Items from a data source
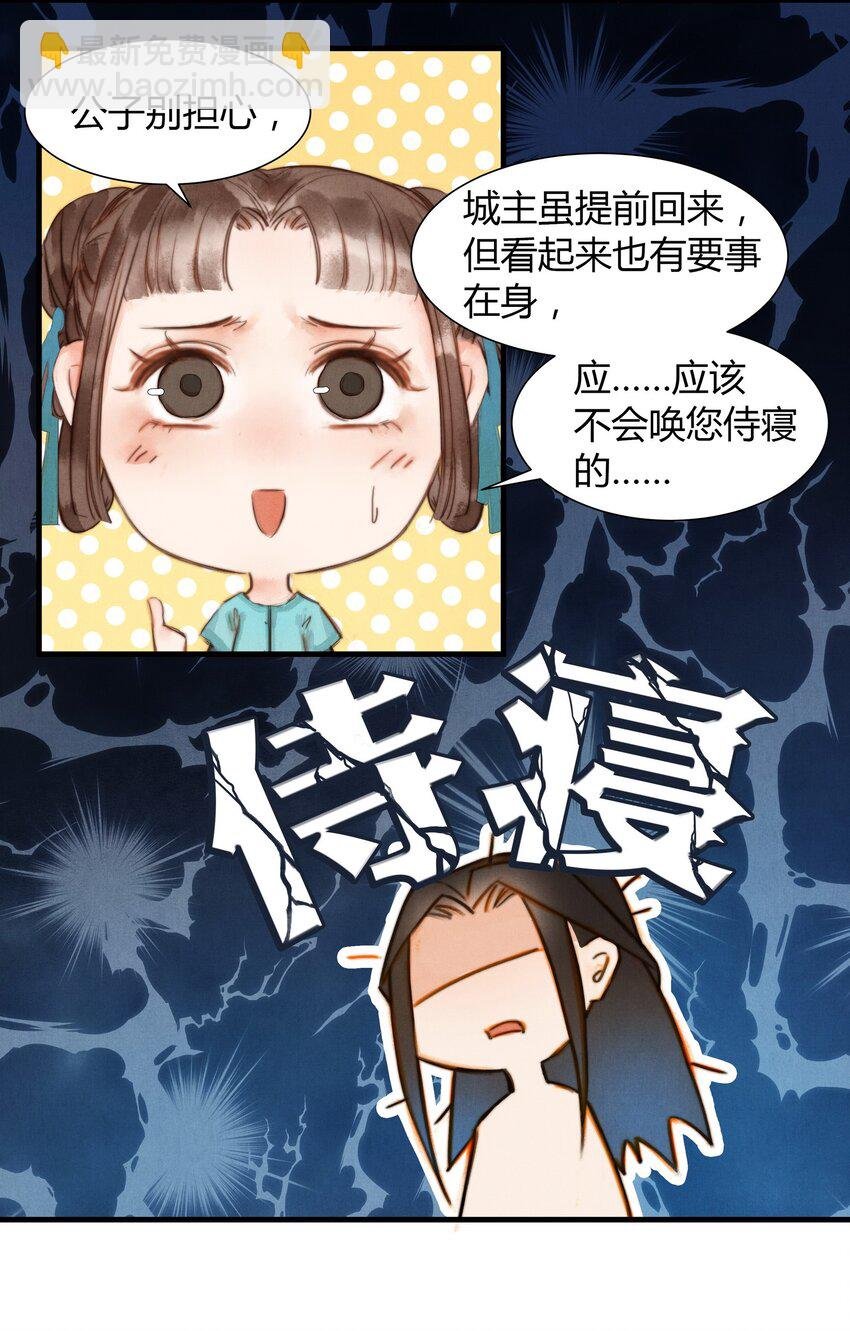 4 侍寝？！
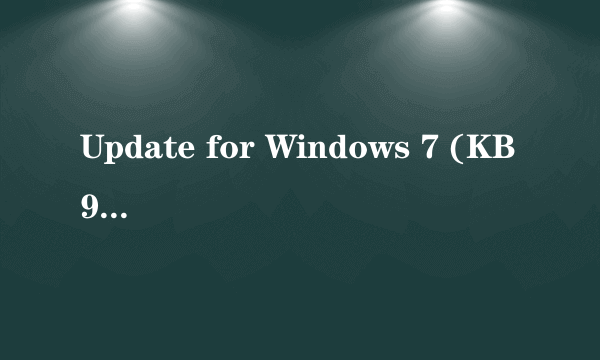 Update for Windows 7 (KB976902) 主要作用是什么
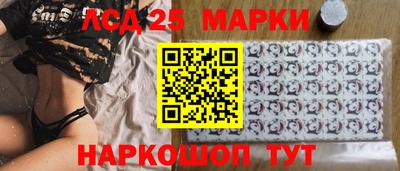 тгк Краснознаменск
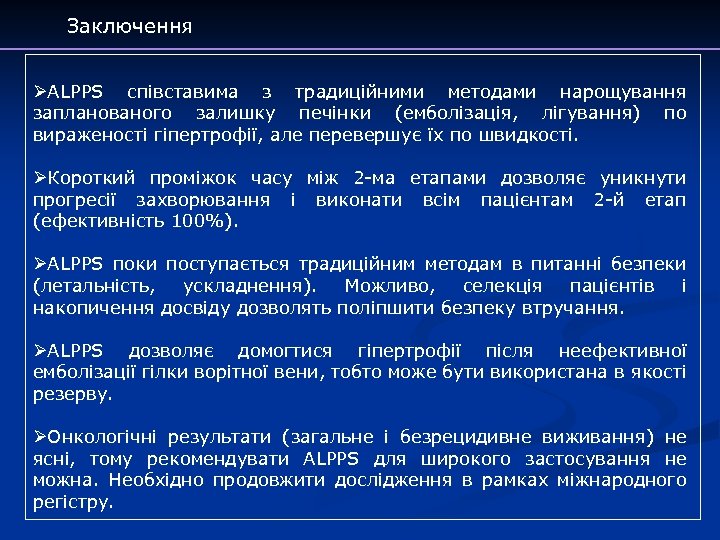 Заключення ØALPPS співставима з традиційними методами нарощування запланованого залишку печінки (емболізація, лігування) по вираженості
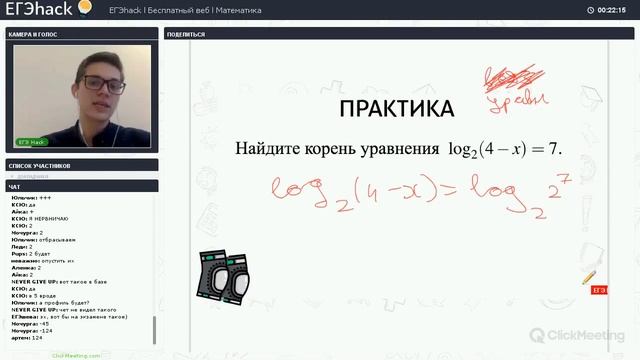 НЕРАВЕНСТВА! НАУЧИТЬСЯ РЕШАТЬ 15 НОМЕР НА ЕГЭ ЗА 45 МИНУТ. ЛОГАРИФМЫ смотреть онлайн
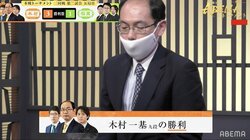 木村一基九段が「超早指しでも強いおじさん」に タイトル経験者対決でも完勝／将棋・ABEMAトーナメント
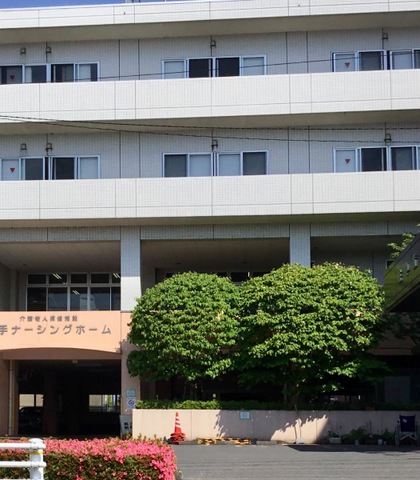 幸手ナーシングホーム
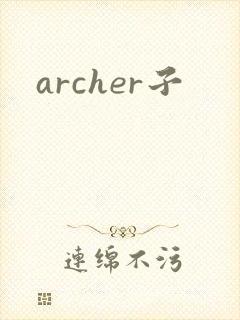 archer子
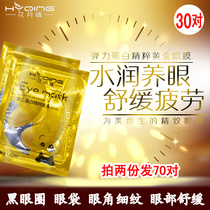 Huayue love elastin essence gold eye mask 30 pairs of hydrating and moisturizing to remove dark circles under the eyes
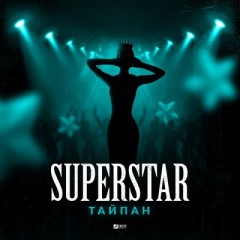 Superstar - Тайпан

*Problem*. Reproduce all of the entries exactly as they appear, though any picture they include must be omitted.

*Result of this exercise*.
 4 侍寝？！
 Update for Windows 7 (KB976902) 主要作用是什么
 тгк Краснознаменск
 Заключення ØALPPS співставима з традиційними методами нарощування запланованого залишку печінки (емболізація, лігування) по вираженості
 НЕРАВЕНСТВА! НАУЧИТЬСЯ РЕШАТЬ 15 НОМЕР НА ЕГЭ ЗА 45 МИНУТ. ЛОГАРИФМЫ смотреть онлайн
 木村一基九段が「超早指しでも強いおじさん」に タイトル経験者対決でも完勝／将棋・ABEMAトーナメント
 幸手ナーシングホーム
 archer子
 Huayue love elastin essence gold eye mask 30 pairs of hydrating and moisturizing to remove dark circles under the eyes
 Superstar - Тайпан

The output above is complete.